• _What is being asked_: One part of the entries below is wanted: the lines from the one containing "[upl. by Safire986]" through the one containing "Kunovice Quotes By Chris Dietzel Kunovice". Write those out exactly and nothing else.

(Stored data)

☆ ☆ ☆ ☆ ☆

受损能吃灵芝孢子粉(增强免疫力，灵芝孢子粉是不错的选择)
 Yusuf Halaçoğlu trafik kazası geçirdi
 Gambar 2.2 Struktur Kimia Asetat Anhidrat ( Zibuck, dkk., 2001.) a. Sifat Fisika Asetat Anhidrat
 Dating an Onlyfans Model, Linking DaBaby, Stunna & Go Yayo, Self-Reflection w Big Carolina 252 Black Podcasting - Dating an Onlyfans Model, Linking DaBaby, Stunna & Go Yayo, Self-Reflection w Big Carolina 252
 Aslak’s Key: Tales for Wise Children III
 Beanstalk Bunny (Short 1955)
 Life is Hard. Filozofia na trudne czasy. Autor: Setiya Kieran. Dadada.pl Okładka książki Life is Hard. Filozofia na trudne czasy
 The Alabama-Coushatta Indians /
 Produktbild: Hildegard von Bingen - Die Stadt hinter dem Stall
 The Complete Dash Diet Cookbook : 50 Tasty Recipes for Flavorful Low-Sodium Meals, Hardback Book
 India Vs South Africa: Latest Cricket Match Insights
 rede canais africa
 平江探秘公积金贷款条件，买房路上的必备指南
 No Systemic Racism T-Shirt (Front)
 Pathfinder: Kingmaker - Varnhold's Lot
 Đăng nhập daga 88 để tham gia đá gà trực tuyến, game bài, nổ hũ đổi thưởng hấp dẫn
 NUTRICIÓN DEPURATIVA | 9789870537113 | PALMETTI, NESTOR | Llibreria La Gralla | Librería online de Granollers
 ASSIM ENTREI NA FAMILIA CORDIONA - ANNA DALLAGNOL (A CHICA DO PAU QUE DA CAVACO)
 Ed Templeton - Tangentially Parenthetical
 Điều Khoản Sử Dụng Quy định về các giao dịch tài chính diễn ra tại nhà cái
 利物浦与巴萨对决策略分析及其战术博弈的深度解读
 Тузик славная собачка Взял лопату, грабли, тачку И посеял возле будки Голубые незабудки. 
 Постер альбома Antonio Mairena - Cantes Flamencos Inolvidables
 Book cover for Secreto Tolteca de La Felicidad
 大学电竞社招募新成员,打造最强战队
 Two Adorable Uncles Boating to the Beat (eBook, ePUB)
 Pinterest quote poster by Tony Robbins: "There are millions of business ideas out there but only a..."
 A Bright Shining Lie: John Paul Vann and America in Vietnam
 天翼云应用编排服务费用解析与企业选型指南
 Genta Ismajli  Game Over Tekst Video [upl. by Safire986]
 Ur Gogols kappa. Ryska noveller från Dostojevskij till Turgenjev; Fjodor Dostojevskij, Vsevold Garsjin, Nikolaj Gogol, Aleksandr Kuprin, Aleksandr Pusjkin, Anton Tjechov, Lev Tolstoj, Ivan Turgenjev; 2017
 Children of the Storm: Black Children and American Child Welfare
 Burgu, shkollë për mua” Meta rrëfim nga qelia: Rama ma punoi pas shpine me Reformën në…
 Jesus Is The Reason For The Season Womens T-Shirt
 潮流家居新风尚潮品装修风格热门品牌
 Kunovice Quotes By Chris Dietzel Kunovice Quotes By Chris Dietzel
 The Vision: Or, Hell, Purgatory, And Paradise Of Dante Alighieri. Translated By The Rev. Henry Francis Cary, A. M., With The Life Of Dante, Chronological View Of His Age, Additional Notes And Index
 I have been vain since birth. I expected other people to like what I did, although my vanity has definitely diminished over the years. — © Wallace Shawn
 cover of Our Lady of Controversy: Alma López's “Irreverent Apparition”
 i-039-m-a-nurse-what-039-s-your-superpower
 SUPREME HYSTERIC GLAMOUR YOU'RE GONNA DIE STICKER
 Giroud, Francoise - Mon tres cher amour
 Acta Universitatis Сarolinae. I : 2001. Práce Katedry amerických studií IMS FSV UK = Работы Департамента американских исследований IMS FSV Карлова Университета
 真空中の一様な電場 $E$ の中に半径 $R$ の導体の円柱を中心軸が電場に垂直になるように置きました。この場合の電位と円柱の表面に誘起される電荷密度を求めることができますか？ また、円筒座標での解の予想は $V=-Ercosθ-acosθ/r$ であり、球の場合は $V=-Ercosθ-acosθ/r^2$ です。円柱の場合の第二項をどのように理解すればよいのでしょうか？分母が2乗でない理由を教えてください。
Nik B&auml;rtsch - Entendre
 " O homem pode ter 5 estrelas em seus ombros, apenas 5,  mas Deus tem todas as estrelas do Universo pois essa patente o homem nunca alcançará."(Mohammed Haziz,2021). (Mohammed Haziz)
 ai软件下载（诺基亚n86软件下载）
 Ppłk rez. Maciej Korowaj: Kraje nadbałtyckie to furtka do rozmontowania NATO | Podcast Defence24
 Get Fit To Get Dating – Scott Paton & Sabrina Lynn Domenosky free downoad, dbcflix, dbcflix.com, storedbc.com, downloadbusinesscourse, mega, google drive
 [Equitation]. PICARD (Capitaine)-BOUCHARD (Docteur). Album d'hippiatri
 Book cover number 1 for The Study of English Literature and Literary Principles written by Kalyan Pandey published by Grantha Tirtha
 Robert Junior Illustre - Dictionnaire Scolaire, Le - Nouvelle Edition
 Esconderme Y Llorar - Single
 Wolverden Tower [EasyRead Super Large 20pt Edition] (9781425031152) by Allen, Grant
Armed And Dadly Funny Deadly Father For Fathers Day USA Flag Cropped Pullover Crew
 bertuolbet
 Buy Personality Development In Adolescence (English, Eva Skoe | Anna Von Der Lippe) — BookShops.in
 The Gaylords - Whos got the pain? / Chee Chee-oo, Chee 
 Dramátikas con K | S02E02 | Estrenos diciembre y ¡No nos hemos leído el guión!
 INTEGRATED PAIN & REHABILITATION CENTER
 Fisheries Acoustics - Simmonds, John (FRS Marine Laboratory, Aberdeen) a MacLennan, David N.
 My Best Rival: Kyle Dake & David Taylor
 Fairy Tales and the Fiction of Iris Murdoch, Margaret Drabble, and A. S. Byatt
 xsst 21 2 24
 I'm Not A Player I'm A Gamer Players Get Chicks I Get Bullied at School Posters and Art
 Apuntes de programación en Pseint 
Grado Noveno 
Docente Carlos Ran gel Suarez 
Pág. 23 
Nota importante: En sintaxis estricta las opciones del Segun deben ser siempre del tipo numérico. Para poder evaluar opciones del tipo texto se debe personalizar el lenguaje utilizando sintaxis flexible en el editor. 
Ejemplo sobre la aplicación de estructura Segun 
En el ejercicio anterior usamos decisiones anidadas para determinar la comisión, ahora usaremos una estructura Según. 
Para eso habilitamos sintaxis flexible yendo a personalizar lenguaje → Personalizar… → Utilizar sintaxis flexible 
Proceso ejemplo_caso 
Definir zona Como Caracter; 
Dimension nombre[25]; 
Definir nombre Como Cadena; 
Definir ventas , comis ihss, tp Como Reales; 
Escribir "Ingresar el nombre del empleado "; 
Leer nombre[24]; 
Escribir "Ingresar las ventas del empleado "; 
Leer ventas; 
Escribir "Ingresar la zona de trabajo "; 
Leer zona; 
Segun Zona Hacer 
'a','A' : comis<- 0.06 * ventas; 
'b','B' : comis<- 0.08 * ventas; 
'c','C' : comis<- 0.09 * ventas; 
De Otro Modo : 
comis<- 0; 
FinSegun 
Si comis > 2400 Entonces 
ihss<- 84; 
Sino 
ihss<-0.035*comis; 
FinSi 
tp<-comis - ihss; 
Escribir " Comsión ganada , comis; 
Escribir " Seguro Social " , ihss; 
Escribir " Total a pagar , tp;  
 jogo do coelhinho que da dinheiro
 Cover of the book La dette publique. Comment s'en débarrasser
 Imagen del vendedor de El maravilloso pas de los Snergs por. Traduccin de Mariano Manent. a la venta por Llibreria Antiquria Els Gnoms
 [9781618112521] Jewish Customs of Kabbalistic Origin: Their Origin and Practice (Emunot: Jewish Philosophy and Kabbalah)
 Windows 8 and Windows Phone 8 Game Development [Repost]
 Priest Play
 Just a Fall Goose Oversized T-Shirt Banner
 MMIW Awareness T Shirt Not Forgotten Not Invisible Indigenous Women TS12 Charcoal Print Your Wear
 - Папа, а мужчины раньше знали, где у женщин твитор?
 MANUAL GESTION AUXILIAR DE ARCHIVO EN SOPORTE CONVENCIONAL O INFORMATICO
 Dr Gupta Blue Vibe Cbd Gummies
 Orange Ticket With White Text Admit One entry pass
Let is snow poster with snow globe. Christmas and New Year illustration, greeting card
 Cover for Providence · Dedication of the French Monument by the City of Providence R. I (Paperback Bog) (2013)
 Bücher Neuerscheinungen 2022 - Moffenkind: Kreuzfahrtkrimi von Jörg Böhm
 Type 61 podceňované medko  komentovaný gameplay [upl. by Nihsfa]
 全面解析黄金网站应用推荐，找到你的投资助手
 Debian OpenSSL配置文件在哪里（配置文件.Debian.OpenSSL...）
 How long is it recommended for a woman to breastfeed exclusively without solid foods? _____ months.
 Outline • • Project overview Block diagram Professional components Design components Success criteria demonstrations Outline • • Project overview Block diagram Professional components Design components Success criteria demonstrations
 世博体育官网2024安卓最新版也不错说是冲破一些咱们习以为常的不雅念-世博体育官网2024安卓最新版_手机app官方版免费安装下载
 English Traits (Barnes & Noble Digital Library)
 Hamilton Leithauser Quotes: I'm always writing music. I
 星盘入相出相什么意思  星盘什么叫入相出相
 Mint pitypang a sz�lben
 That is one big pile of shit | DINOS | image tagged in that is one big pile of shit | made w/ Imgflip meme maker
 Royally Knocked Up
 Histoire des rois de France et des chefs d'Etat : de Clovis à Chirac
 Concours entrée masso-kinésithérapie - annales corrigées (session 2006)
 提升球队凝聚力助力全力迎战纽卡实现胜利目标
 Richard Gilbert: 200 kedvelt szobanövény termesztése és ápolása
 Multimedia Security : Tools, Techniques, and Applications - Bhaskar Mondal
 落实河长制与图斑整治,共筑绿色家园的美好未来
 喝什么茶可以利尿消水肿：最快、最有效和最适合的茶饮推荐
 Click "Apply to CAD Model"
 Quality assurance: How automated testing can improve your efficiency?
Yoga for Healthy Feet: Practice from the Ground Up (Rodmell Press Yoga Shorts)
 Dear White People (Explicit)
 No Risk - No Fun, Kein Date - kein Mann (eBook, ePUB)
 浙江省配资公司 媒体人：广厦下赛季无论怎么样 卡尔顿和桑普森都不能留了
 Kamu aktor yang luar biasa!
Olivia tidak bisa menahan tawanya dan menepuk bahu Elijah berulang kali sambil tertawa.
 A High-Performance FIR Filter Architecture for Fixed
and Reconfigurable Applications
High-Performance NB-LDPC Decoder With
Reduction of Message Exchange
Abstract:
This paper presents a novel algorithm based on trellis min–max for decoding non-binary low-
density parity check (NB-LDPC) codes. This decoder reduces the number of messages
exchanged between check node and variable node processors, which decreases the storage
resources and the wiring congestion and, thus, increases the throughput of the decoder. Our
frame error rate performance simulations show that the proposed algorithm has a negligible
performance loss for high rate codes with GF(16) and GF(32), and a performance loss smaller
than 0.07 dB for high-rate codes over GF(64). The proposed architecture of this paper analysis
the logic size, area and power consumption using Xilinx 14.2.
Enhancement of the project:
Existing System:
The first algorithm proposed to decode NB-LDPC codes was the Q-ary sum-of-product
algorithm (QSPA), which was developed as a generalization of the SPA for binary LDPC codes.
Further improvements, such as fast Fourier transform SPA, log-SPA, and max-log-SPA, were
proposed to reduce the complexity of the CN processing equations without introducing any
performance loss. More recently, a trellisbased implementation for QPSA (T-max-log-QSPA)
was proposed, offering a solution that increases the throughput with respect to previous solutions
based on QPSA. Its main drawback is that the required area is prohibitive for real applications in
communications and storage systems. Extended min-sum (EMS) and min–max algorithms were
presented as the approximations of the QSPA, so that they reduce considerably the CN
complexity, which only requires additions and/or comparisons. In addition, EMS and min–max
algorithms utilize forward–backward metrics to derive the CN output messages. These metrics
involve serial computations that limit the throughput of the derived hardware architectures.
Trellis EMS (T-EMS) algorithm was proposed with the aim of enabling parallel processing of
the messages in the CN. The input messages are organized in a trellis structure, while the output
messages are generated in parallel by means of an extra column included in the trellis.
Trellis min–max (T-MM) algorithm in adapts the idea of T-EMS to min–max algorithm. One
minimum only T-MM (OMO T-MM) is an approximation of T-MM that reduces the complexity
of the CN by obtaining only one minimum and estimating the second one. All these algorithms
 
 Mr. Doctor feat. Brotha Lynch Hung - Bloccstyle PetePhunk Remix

☆ ☆ ☆ ☆ ☆

• _Finished task_:
 Genta Ismajli  Game Over Tekst Video [upl. by Safire986]
 Ur Gogols kappa. Ryska noveller från Dostojevskij till Turgenjev; Fjodor Dostojevskij, Vsevold Garsjin, Nikolaj Gogol, Aleksandr Kuprin, Aleksandr Pusjkin, Anton Tjechov, Lev Tolstoj, Ivan Turgenjev; 2017
 Children of the Storm: Black Children and American Child Welfare
 Burgu, shkollë për mua” Meta rrëfim nga qelia: Rama ma punoi pas shpine me Reformën në…
 Jesus Is The Reason For The Season Womens T-Shirt
 潮流家居新风尚潮品装修风格热门品牌
 Kunovice Quotes By Chris Dietzel Kunovice Quotes By Chris Dietzel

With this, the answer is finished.